I thought that I might share a few of the food related preparedness ideas/thoughts that I have and maybe you all could share your ideas with me.
Food Storage is a popular preparedness topic. Brandy, The Prudent Homemaker, has a great food storage website. Her family has been living on their food storage off and on for years. She also gardens and preserves food from her garden. While her family does not necessarily follow a traditional foods diet, I have adapted many of her recipes for our use. She also shares her seasonal menus which show what a great variety of foods they enjoy.
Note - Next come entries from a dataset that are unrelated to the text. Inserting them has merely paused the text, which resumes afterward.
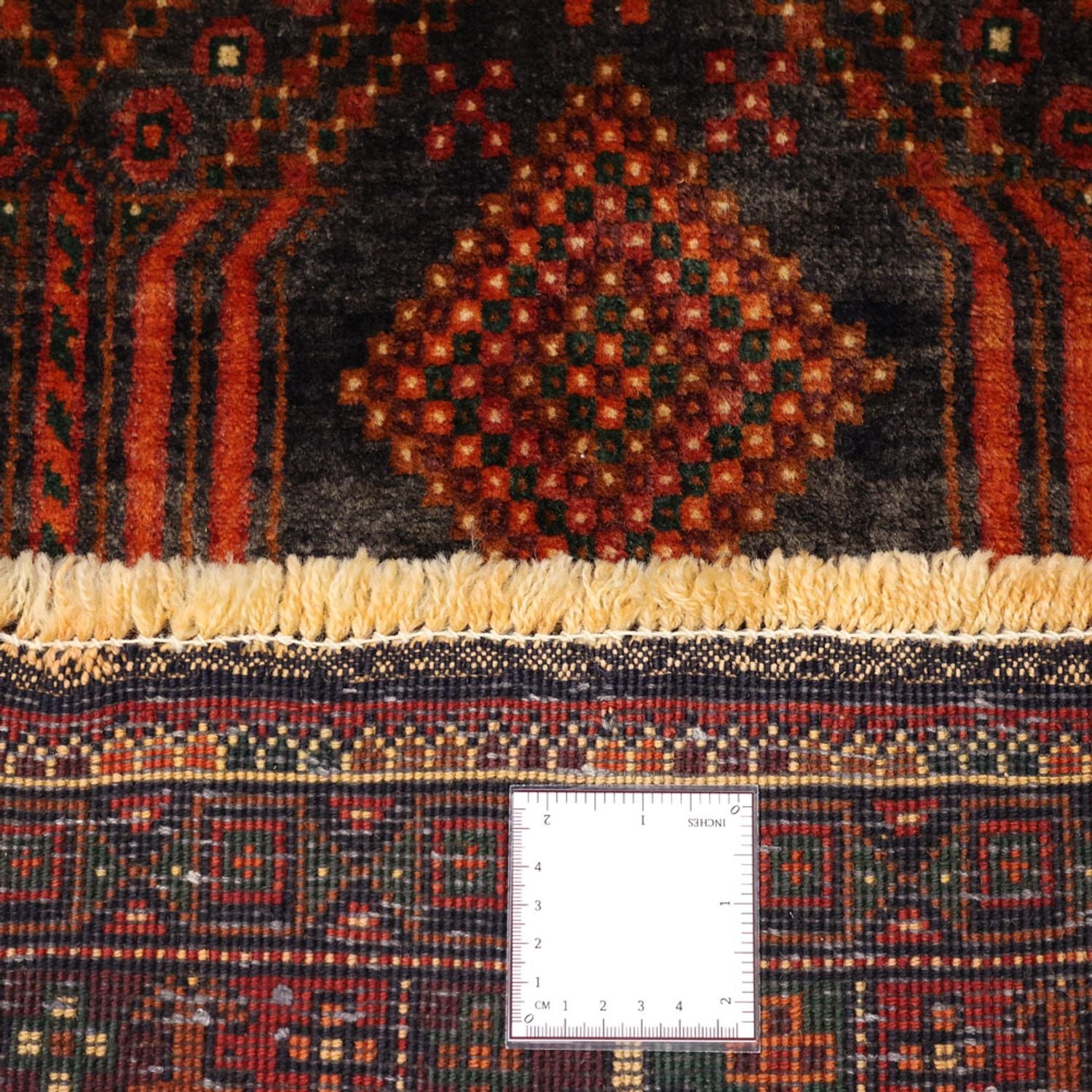 Tapis de couloir Tapis Belutsch - 292 x 110 cm - rouge foncé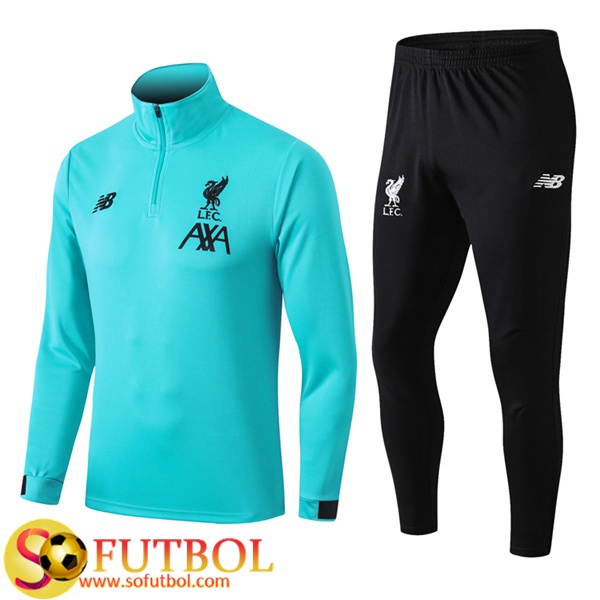 Replicas Exactas | Chandal FC Liverpool Verde 2020/2021 / Pantalon Entrenamiento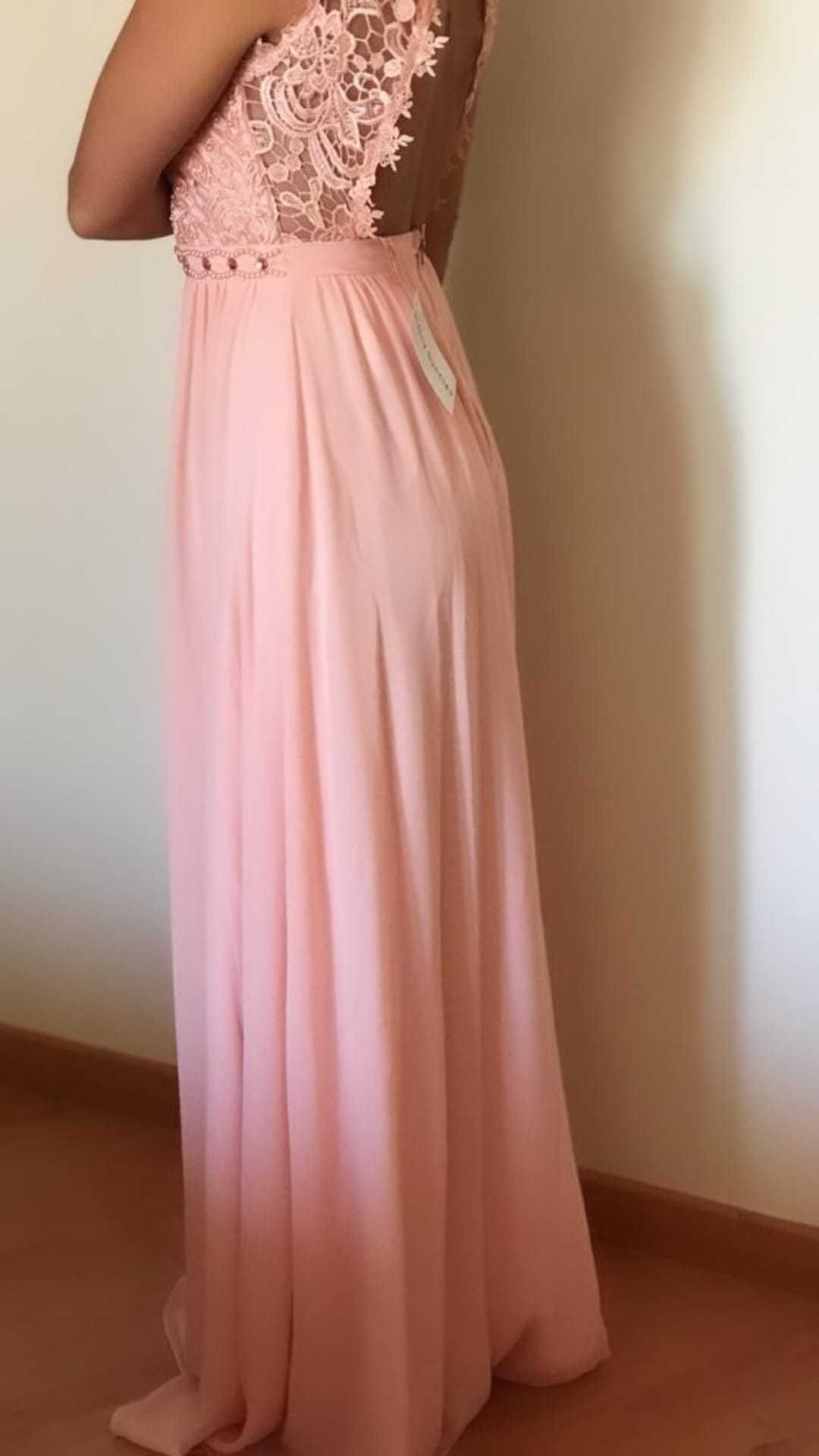 Vestido cerimónia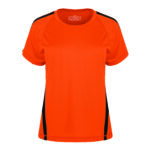 ATC™ PRO TEAM HOME & AWAY LADIES' JERSEY - Deep Orange/Black - XL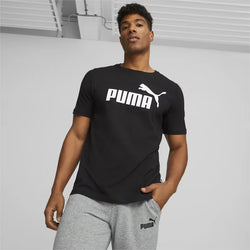 Puma Essentials Mens Logo Tee - SPORTFIRST HERVEY BAY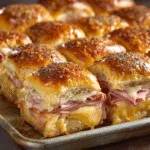 Ham and Cheese Sliders: A Quick and Tasty Delight! 3 Ham and Cheese Sliders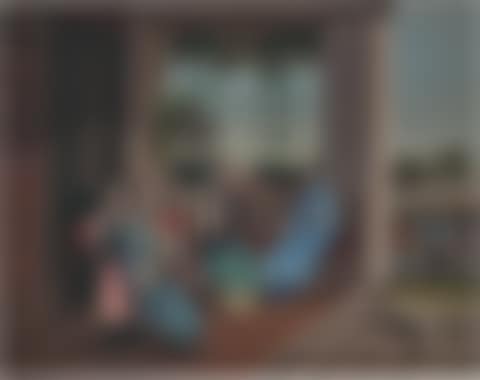 A Pair of China Trade Views of Interiors, Qing Dynasty (preview)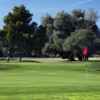 View of a green at El Rio Golf Course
What might a Real/Whole/Traditional Foods pantry look like when focusing on Food Storage? Cheeseslave had an article on this a few months back guest posted by Kim Knoch (The Nourishing Cook). The article had some good ideas and the comments really added to those ideas.
I have some ideas what I would like my food storage pantry to look like. The top thing would be we only store foods that we eat and we know how to cook all of those foods. It would do me absolutely no good to have 500 pounds of wheat berries if I did not know what to do with those wheat berries. So as I ‘stock my pantry’, I’m making sure to educate myself (and everyone else in the house) on how we use those items.
Another thing I’ve been working on is a rotating menu based on food storage items. If you have read here before you may have noticed that my weekly menu plans often include beans of some sort (this week we are enjoying black beans). Beans store very well and provide excellent nutrition. Another ‘qualification’ that my rotating menu will have is Simplicity. I do mostly enjoy preparing meals for my family each day but I try not to spend all day in the kitchen. For quite some time I’ve been doing Planned Overs in which I’ll make a large amount of something (like beans:-) and then we will enjoy that item in different ways for two, three or sometimes four meals. This works well for me because I can do the main cooking on one day and then minimal cooking on other days. I also believe that this style of cooking helps to keep our food budget in check and having a full pantry that I can ‘shop from’ before shopping elsewhere also helps.
In addition to food storage, being somewhat Self Sustaining is also important to us. I’ll admit we are very new to this concept. We moved to Wyoming a little over a year ago and have 2 acres. When we bought this land we had no plans to have the land do any real providing for us. I figured we would get a few chickens for eggs (since we had those in Oregon) but beyond that no plans. Now things are quite a bit different. We do have a ‘few’ chickens for eggs (18 laying, 4 at point of lay, and 9 that will be laying Octoberish). We also raise and process chickens for meat. We are talking about adding goats for milk and meat and also bees. Plus we have planted a few fruit trees with plans to add more next year and I attempted a garden this year (the grasshoppers thought I planted it just for them and they loved it). I know not everyone has two ‘lovely’ acres of sand in the high plains to grow food on but there are many things that can be done even in the city. Annette at Sustainable Eats is my hero with her amazing city lot (scroll down the right side of her blog for a virtual tour of her garden) and Michaela is doing an amazing thing on her 1/10 of an acre lot town lot.
Education is also something I have been focusing on. I mentioned that I want to know what to do with those 500 pounds of wheat berries (no, I do not really have 500 pounds) so now is the time to learn. The internet is an amazing tool for helping with education. I’ve taken the GNOWFGLINS Fundamentals eCourse which really expanded my basic (fundamental) traditional food cooking knowledge (there are even two lessons focusing on beans, one for soaking and one for sprouting) and I’m currently taking GNOWFGLINS Sourdough eCourse. Learning to cook with sourdough is a wonderful thing to be able to do. Can you imagine producing wonderful and tasty breads, tortillas, pancakes, etc without commercial yeast? What a huge cost savings that is (not to mention superior health wise). The GNOWFGLINS courses are now based on a Pay What You Can system and has open enrollment enabling you to start the courses at any time. Plus they fit into my schedule very well since I can view the videos and read the material at whatever time is convenient for me.
I’m also participating in the Preserve the Bounty Challenge hosted by Jenny at Nourished Kitchen. It is a five week challenge focusing on preserving food using traditional techniques such as salt curing, oil curing, sun drying, fermenting and freezing.
The library has been a regular stop for me on errand day too. I have a long list of books that I want to read on goats, gardening, rabbits, etc. I like to borrow them from the library and then decide if I want to add them to my home library. If I do, I try to get them from Paperback Swap first before I look at retail outlets.